## ---
## title: "storr"
## author: "Rich FitzJohn"
## date: "`r Sys.Date()`"
## output: rmarkdown::html_vignette
## vignette: >
## %\VignetteIndexEntry{storr}
## %\VignetteEngine{knitr::rmarkdown}
## \usepackage[utf8]{inputenc}
## ---
library(storr)
## `storr` provides very simple key/value stores for R. They attempt
## to provide the most basic set of key/value lookup functionality
## that is completely consistent across a range of different
## underlying storage drivers (in memory storage, filesystem and
## proper databases). All the storage is _content addressable_, so
## keys map onto hashes and hashes map onto data.
## The `rds` driver stores contents at some path by saving out to rds
## files. Here I'm using a temporary directory for the path; the
## driver will create a number of subdirectories here.

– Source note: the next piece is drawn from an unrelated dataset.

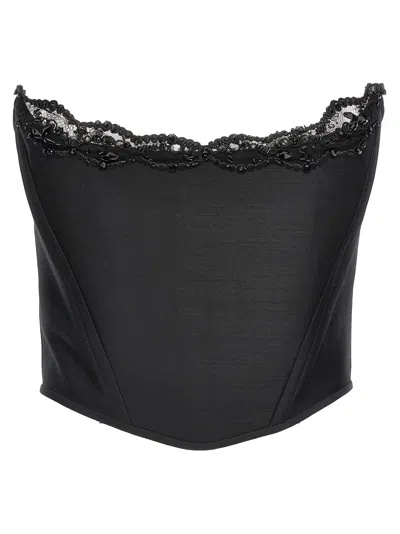 Dsquared2 "parisian Corset" Strapless Top In Black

path <- tempfile("storr_")
st <- storr::storr_rds(path)
## Alternatively you can create the driver explicitly:
##+ eval=FALSE
dr <- storr::driver_rds(path)
## With this driver object we can create the `storr` object which is
## what we actually interact with:
##+ eval=FALSE
st <- storr::storr(dr)
## ## Key-value store
## The main way of interacting with a `storr` object is
## `get`/`set`/`del` for getting, setting and deleting data stored at
## some key. To store data:
st$set("mykey", mtcars)
## To get the data back
head(st$get("mykey"))
## What is in the `storr`?
st$list()
## Or, much faster, test for existance of a particular key:
st$exists("mykey")
st$exists("another_key")
## To delete a key:
st$del("mykey")
## It's gone!
st$list()
## though the actual data is still stored in the database:
h <- st$list_hashes()
h
## The hash of an object is computed using the `digest` package, and
## can be done using the `hash_object` method of the storr.
st$hash_object(mtcars)
## An object can be retrieved directly given its hash:
head(st$get_value(h))
## similarly, we can test to see if an object is present in the
## database using its hash:
st$exists_object(h)
## though now that there are no keys pointing at the data it is
## subject to garbage collection:
del <- st$gc()
del
st$list_hashes()
## ## Namespaces
## At some point having everything stored in a great big bucket may
## become too unstructured. To help with this storr implements a very
## simple "namespace" system that may help provide some structure. It
## is a single layer of hierarchy above keys; so every key belongs to
## a namespace. The default namespace is "objects" but this can be
## configured when the storr is created.
st$default_namespace
## The `list_namespaces()` method lists all known namespaces
st$list_namespaces()
## To create a new namespace, simply assign an object into it:
st$set("a", runif(5), namespace = "other_things")
st$list_namespaces()
## The `list()` method lists the contents of a single namespace
st$list()
st$list("other_things")
## To get an object, you must use the correct namespace:
##+ error = TRUE
st$get("a")
st$get("a", "other_things")
## ## Bulk get/set
## If you have many values to get or set, for some databases it will
## be much more efficient to get and set them in bulk; this is
## particularly the case with high-latency databases (e.g., anything
## over a network connection, especially an internet connection). To
## help with this, storr implements `mget` and `mset` methods that
## allow multiple values to retrieved or set.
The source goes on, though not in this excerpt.